■ DATA FOR THIS TASK
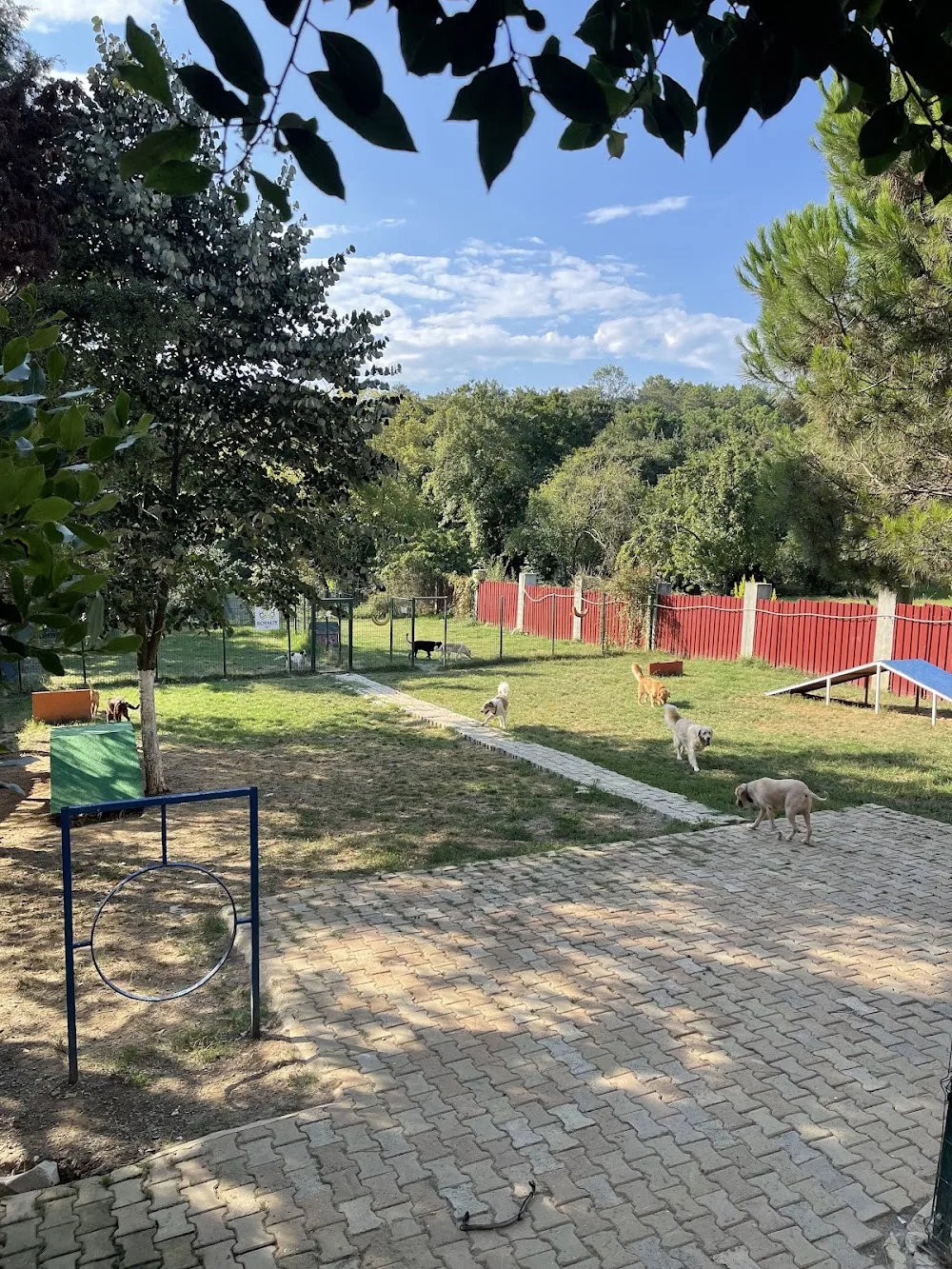 ROYALTY PET OTEL - Türkiye pet otel görseli 2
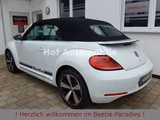 Volkswagen Beetle 1.2TSI Allstar Plus Xenon Leder Fender - Volkswagen Beetle: Fender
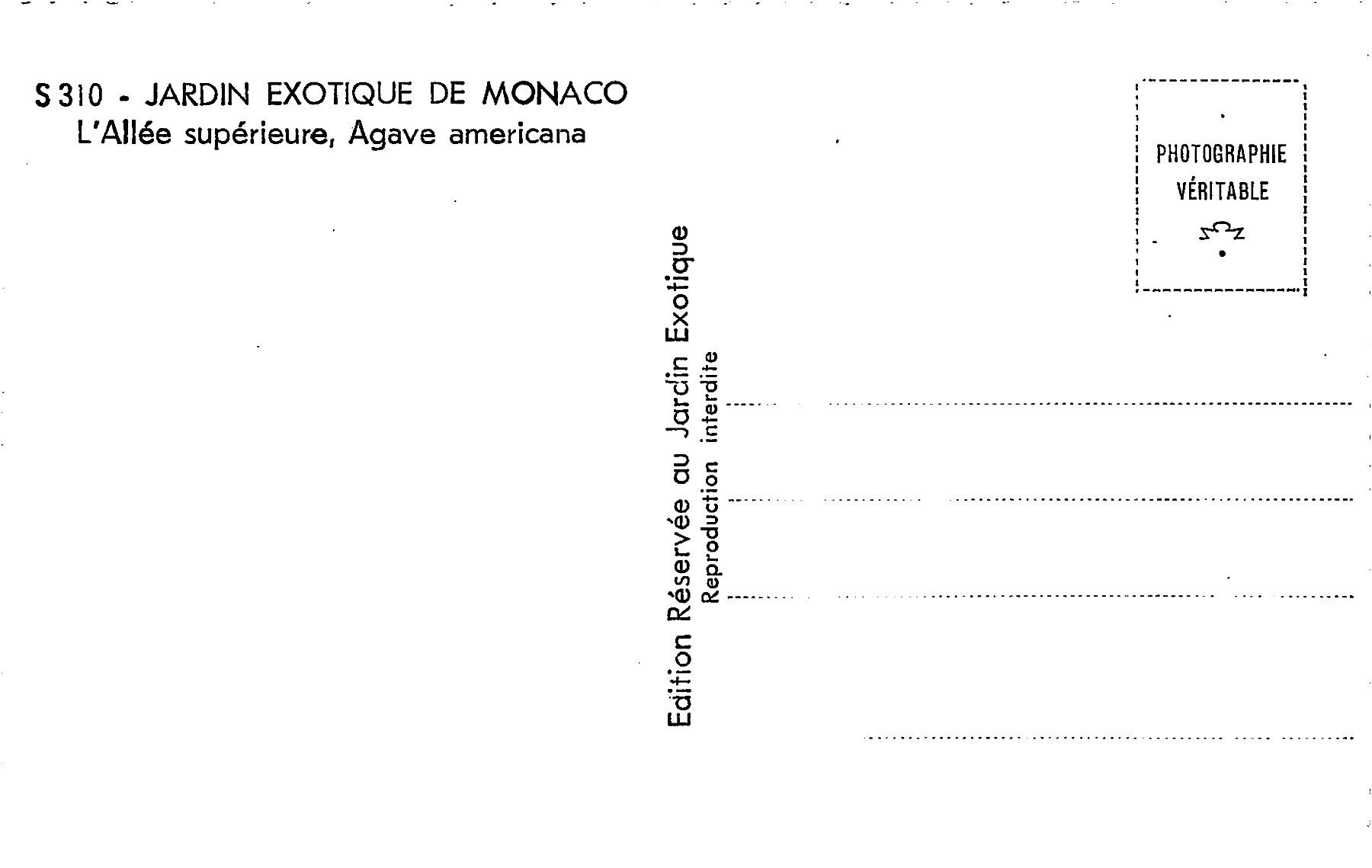 Cartoline postali: 3x Monaco, La Cote d'Azur – Usato da Ottikon b.Kemptth. venduto da Neptun1974 5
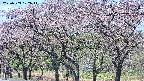 takano3-20250503102042.jpg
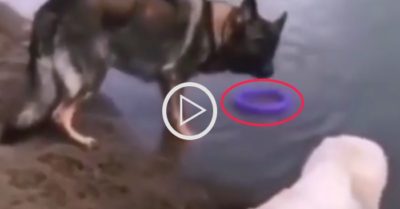 Video: Chú chó ngẩn ngơ khi gặp bạn cún ‘xinh đẹp’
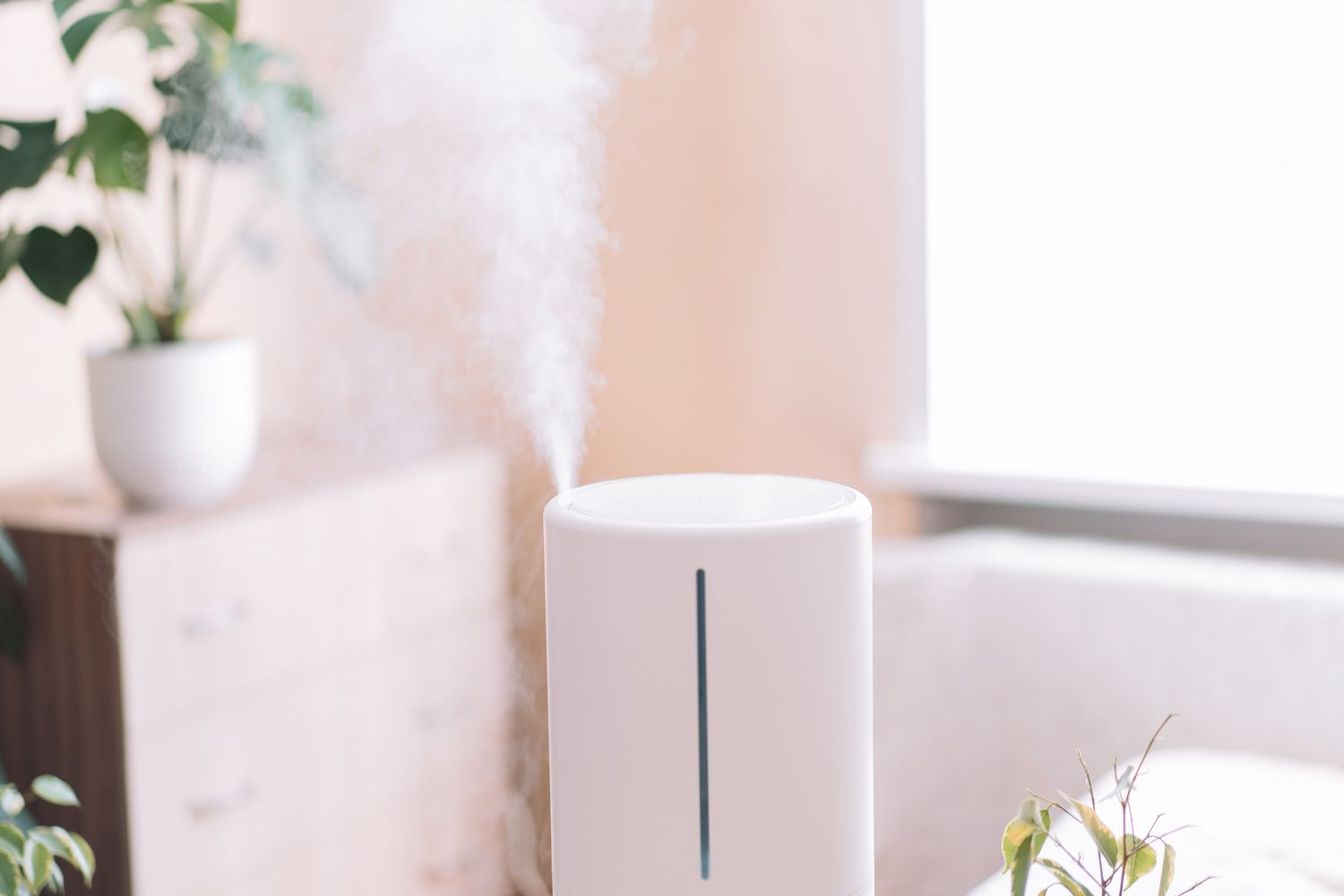 Humidificador funcionando en una habitación con plantas de interior, una cómoda y luz que entra por la ventana.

■ TASK PROMPT
Without including any picture, print all of the entries above exactly.

■ RESPONSE TO THIS TASK
 ROYALTY PET OTEL - Türkiye pet otel görseli 2
 Volkswagen Beetle 1.2TSI Allstar Plus Xenon Leder Fender - Volkswagen Beetle: Fender
 Cartoline postali: 3x Monaco, La Cote d'Azur – Usato da Ottikon b.Kemptth. venduto da Neptun1974 5
 takano3-20250503102042.jpg
 Video: Chú chó ngẩn ngơ khi gặp bạn cún ‘xinh đẹp’
 Humidificador funcionando en una habitación con plantas de interior, una cómoda y luz que entra por la ventana.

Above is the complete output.